*** Opening of TASK INPUTS ***

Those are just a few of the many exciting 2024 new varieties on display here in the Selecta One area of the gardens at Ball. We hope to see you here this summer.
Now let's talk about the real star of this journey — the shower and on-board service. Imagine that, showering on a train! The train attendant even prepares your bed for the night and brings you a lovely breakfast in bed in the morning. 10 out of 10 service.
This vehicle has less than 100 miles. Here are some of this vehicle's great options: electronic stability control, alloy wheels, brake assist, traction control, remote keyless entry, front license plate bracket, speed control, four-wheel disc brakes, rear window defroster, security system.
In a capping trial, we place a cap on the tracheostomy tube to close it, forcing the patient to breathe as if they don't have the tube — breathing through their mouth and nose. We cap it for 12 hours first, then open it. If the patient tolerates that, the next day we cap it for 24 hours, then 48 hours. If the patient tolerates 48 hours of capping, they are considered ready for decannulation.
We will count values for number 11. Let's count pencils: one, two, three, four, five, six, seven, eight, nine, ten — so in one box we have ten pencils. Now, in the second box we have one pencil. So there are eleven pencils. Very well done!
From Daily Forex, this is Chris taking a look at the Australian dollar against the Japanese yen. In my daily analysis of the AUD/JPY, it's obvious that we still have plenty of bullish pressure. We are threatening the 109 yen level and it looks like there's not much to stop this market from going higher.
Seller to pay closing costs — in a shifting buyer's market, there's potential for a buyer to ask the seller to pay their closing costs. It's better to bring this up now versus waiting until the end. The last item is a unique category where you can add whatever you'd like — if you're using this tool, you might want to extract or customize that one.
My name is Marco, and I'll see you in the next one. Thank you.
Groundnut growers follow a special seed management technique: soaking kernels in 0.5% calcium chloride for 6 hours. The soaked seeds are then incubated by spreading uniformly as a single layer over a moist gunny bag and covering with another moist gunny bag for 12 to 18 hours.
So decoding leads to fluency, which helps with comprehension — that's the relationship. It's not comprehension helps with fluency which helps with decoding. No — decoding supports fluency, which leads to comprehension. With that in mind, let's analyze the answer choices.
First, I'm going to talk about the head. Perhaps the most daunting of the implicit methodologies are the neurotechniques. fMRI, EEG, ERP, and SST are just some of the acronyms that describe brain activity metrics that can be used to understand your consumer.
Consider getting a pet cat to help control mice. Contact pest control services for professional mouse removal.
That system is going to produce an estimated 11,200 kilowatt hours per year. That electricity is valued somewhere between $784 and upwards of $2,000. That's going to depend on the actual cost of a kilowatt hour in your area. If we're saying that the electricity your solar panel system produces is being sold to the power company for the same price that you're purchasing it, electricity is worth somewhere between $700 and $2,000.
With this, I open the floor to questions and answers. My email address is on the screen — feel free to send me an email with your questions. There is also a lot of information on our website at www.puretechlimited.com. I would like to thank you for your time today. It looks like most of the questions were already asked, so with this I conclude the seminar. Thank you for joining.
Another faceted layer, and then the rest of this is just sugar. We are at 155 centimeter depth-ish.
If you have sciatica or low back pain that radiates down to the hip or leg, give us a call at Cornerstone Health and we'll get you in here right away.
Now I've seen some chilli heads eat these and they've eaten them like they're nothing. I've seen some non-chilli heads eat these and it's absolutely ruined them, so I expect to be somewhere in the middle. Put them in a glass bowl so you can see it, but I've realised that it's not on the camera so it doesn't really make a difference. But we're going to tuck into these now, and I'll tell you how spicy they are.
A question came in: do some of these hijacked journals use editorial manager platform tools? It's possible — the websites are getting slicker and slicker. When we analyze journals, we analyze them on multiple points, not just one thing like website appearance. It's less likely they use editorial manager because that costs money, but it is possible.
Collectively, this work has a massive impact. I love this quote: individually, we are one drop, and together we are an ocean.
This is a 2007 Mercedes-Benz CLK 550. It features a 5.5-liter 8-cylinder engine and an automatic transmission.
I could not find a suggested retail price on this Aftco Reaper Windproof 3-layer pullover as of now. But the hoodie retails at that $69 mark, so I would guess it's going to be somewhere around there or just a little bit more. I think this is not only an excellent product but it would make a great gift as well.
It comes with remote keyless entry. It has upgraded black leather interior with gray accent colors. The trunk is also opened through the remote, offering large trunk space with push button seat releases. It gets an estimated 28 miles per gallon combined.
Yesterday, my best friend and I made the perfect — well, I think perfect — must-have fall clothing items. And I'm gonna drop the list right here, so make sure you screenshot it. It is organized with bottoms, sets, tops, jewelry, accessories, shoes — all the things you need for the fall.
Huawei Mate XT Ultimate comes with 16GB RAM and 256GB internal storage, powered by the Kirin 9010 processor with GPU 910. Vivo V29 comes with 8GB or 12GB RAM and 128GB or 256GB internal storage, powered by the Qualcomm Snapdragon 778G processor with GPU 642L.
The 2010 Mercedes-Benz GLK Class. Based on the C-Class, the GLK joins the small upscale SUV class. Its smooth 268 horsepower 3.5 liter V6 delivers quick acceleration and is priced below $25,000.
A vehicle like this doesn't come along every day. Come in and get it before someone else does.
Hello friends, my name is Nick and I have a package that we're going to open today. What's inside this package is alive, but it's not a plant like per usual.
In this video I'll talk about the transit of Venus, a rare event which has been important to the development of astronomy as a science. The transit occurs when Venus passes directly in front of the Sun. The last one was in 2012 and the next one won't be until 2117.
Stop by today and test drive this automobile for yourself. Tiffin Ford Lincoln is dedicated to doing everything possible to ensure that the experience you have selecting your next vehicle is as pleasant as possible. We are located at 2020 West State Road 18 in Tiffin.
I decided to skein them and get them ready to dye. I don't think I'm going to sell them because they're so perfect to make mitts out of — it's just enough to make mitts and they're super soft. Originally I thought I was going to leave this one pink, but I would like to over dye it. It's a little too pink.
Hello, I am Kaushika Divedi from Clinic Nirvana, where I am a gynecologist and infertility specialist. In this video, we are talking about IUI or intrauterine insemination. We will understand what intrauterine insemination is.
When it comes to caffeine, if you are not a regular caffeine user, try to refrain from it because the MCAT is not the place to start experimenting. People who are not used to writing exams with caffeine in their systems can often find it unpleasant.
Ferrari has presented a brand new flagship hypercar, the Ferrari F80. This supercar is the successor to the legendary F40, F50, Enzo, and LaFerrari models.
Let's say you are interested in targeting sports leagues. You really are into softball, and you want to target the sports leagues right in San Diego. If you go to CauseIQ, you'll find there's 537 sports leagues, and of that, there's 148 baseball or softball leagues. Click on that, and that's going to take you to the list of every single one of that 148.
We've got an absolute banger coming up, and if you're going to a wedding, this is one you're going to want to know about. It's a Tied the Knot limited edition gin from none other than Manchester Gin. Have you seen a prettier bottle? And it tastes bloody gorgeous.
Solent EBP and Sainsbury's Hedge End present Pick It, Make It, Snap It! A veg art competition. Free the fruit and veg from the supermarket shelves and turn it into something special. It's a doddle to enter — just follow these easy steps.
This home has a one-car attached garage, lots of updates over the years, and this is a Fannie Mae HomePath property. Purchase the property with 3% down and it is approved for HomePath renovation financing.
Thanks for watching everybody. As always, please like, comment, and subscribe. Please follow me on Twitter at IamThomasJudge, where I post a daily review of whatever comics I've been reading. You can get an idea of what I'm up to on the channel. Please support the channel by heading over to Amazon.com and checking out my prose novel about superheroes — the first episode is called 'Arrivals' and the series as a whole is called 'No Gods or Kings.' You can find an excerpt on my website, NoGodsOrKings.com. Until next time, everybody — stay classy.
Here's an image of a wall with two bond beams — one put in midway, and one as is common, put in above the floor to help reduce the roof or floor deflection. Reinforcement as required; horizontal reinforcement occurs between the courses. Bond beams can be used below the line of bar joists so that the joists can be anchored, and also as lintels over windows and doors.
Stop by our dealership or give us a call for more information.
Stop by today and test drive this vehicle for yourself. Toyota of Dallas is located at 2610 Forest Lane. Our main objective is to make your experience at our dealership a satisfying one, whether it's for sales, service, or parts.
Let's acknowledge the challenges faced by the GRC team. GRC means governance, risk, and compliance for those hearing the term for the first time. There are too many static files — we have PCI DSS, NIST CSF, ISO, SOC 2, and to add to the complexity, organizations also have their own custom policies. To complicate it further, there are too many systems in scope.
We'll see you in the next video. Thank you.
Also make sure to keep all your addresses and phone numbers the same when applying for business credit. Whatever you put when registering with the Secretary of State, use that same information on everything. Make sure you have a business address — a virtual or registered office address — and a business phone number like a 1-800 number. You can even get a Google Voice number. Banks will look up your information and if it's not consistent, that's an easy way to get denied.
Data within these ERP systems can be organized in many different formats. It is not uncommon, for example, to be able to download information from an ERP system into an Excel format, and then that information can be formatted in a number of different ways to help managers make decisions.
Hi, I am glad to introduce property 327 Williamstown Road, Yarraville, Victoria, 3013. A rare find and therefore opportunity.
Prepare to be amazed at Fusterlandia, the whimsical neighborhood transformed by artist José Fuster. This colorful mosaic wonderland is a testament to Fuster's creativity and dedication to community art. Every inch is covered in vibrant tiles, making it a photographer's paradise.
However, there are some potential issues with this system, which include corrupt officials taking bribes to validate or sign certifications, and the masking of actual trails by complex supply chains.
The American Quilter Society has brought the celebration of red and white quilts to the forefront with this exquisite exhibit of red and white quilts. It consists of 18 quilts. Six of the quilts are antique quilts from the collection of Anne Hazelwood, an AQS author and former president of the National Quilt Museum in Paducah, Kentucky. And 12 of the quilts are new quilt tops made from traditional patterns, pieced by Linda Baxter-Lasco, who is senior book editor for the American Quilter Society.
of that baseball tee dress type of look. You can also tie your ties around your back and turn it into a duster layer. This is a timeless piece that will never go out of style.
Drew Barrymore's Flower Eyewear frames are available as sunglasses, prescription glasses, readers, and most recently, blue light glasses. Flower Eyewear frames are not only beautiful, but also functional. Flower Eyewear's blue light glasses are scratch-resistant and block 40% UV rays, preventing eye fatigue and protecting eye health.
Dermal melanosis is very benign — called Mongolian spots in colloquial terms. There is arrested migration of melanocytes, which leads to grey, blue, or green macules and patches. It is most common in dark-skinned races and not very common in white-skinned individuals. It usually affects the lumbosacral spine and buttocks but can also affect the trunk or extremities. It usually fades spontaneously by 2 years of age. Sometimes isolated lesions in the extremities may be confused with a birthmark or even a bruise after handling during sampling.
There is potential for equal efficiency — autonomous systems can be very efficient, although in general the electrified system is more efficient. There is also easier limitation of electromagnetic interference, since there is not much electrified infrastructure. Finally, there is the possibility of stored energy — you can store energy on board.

*** Close of TASK INPUTS ***

**WORK ITEM**
Respond with a number only, please: how many lines in this data include the word "actual".

**ANSWER SECTION**
2